I recently bought a FEG P9M. However, all of the others that i looked at all had more detailed markings on the left side of the slide. Mine has just a very basic marking "F E G" and that is it. Doesnt look like anything has been worn away. The right side of the slide has the serial numbers and the importers info C.A.I.Georgia.VT

Anyone know about or have any input on FEGs? Or why mine has such basic markings? I have some picts but not smart enough to post them, LOL

Brad


----------



## hud35500 (May 8, 2010)

I've owned a couple over the years. They are very well made Hi-power clones. I recall that markings were very basic. They were produced back in the 80's when there was less concern over firearms liability.
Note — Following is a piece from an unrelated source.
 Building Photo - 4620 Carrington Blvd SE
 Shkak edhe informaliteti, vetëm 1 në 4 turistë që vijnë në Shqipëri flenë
Try Photobucket to post photos.


----------



## rfawcs (Feb 11, 2006)

This is the most detailed info site on FEG Hi-Powers I've found.

The FÉG Hi-Power Blog: "Decoding the FÉG Hi-Power" by JayPee


----------



## westerbk (Mar 20, 2012)

Yeah i have seen that blog. but nothing their shows the same basic markings i have on mine. just find it odd its the only one i have seen like it


----------



## westerbk (Mar 20, 2012)

i wish i could figure out how to post the picts. not familiar with the URL thing


----------



## westerbk (Mar 20, 2012)

another attempt failed


----------